== Task details ==
Quote the whole listing exactly. Leave the pictures out of your copy.

Start of Collected material

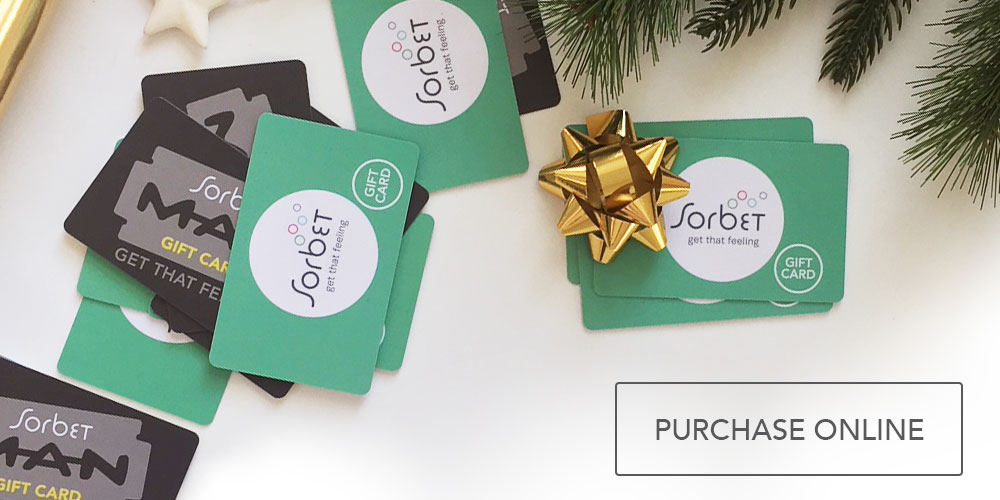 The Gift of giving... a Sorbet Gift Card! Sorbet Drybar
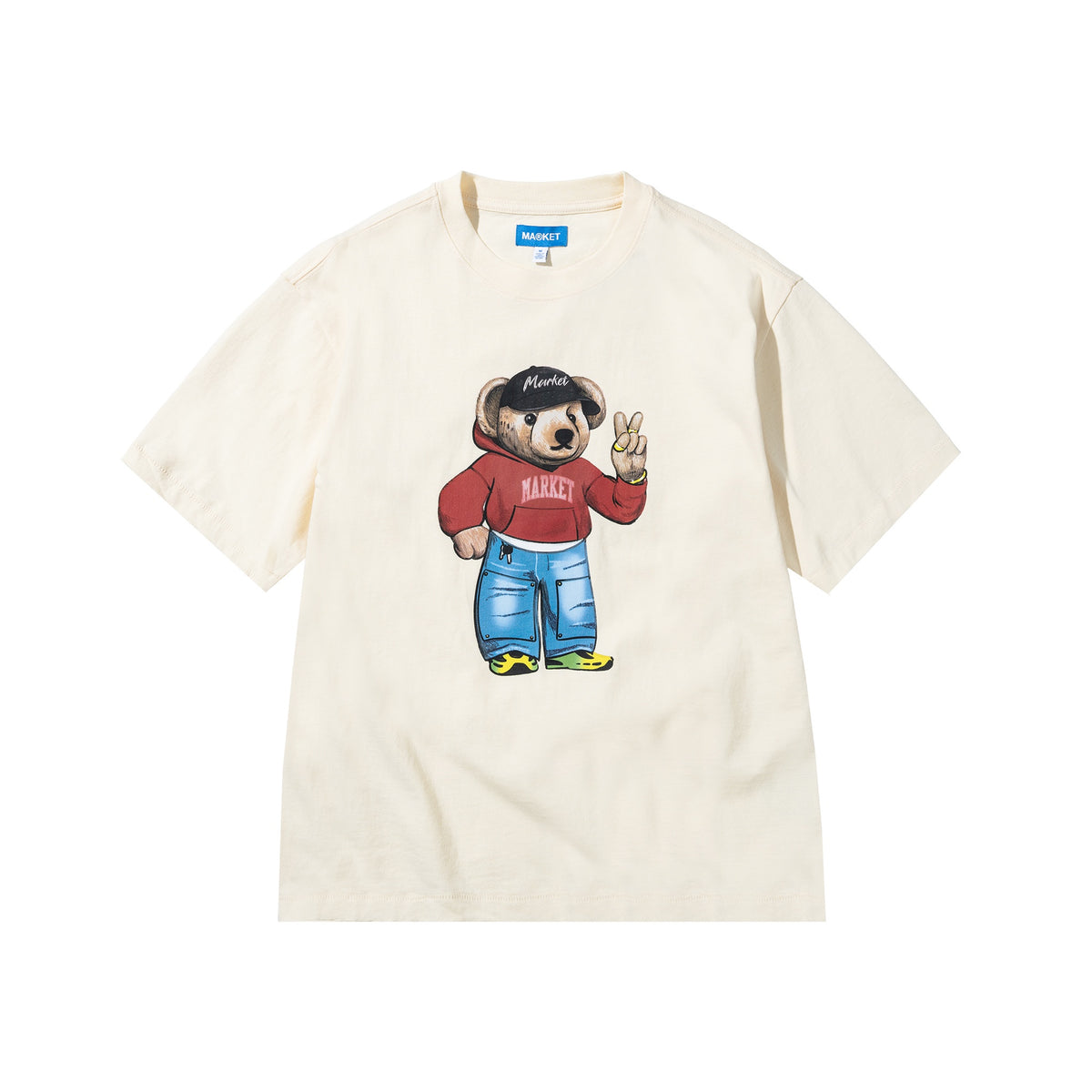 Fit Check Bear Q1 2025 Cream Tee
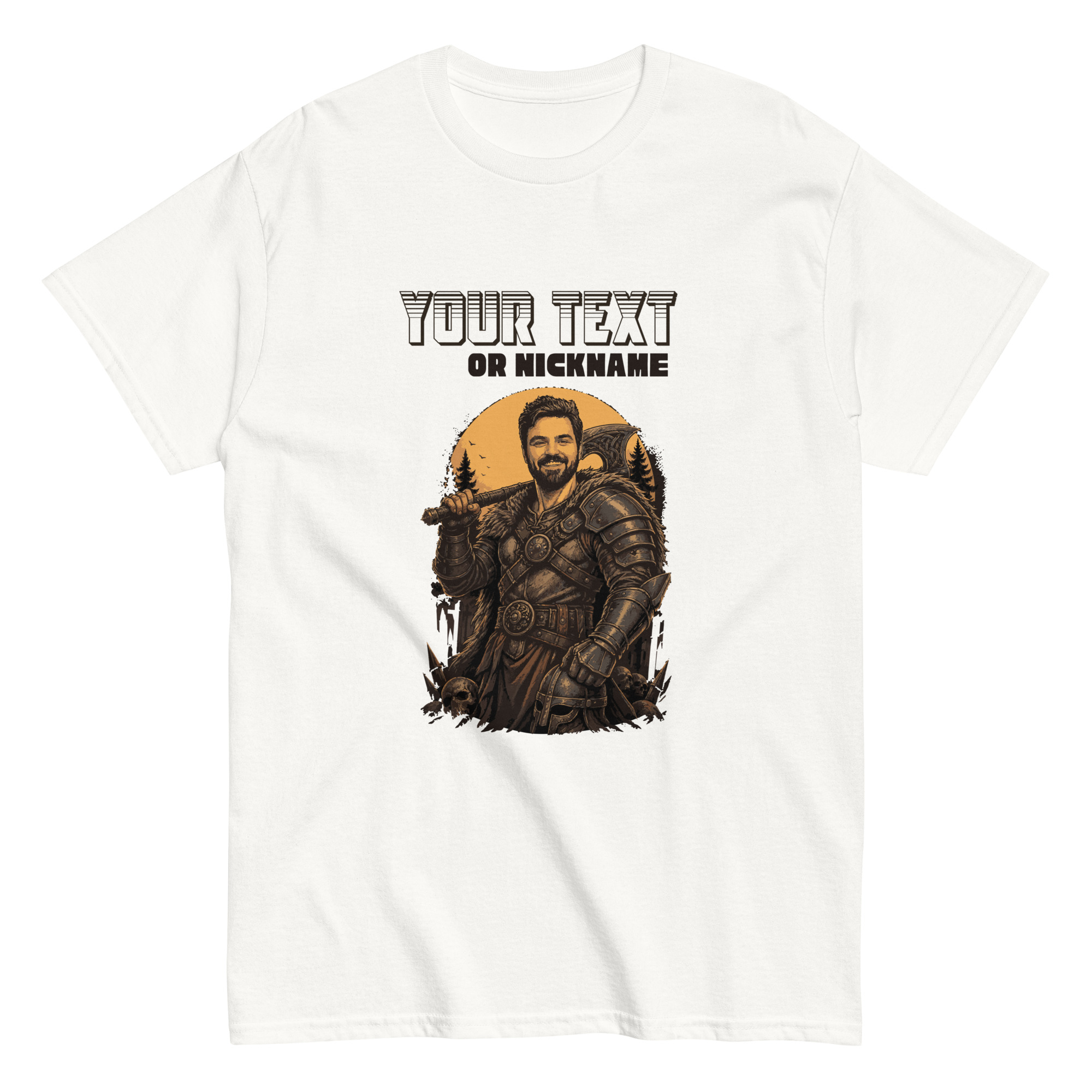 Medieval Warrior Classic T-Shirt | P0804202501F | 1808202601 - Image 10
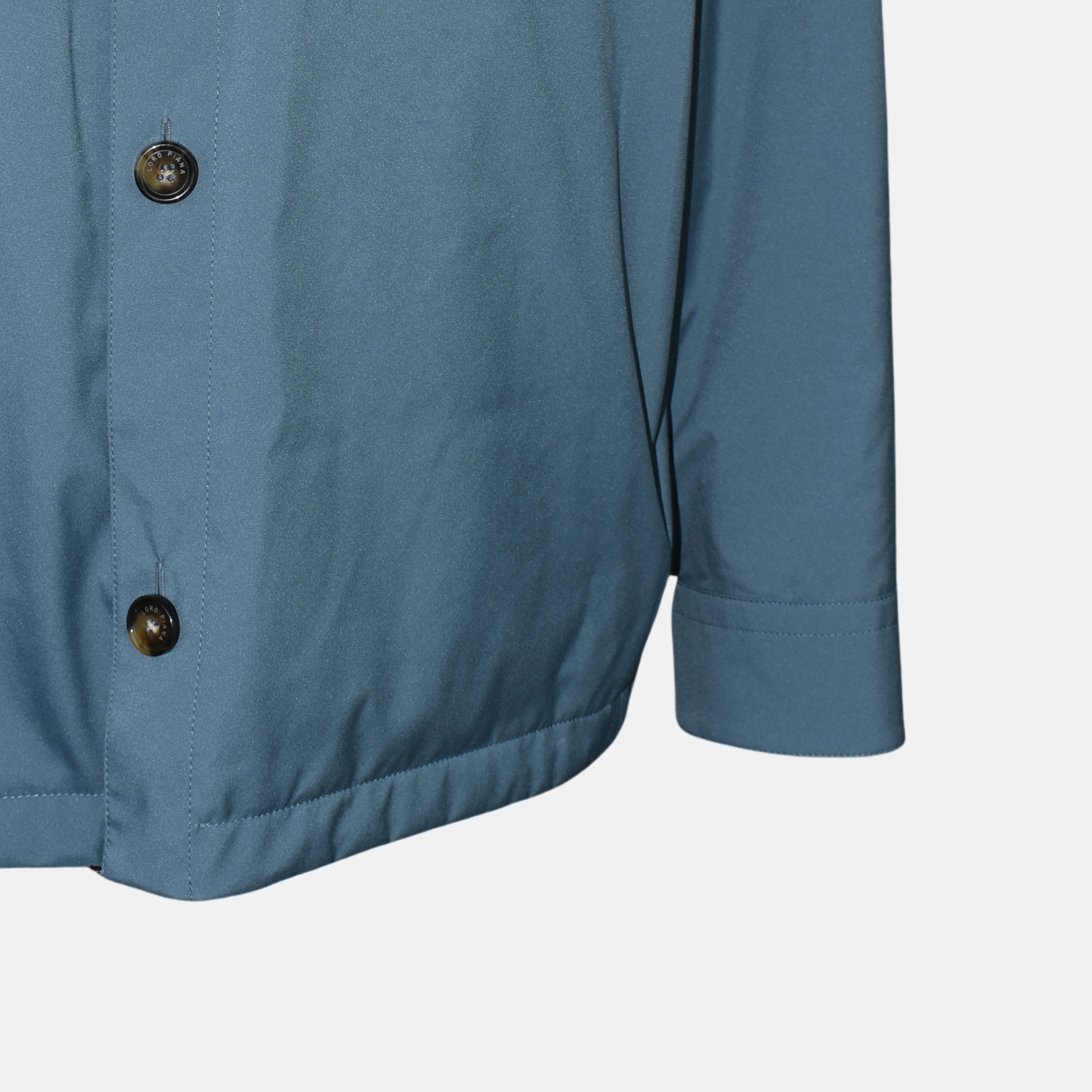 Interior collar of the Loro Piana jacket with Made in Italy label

End of Collected material

== Solution ==
 The Gift of giving... a Sorbet Gift Card! Sorbet Drybar
 Fit Check Bear Q1 2025 Cream Tee
 Medieval Warrior Classic T-Shirt | P0804202501F | 1808202601 - Image 10
 Interior collar of the Loro Piana jacket with Made in Italy label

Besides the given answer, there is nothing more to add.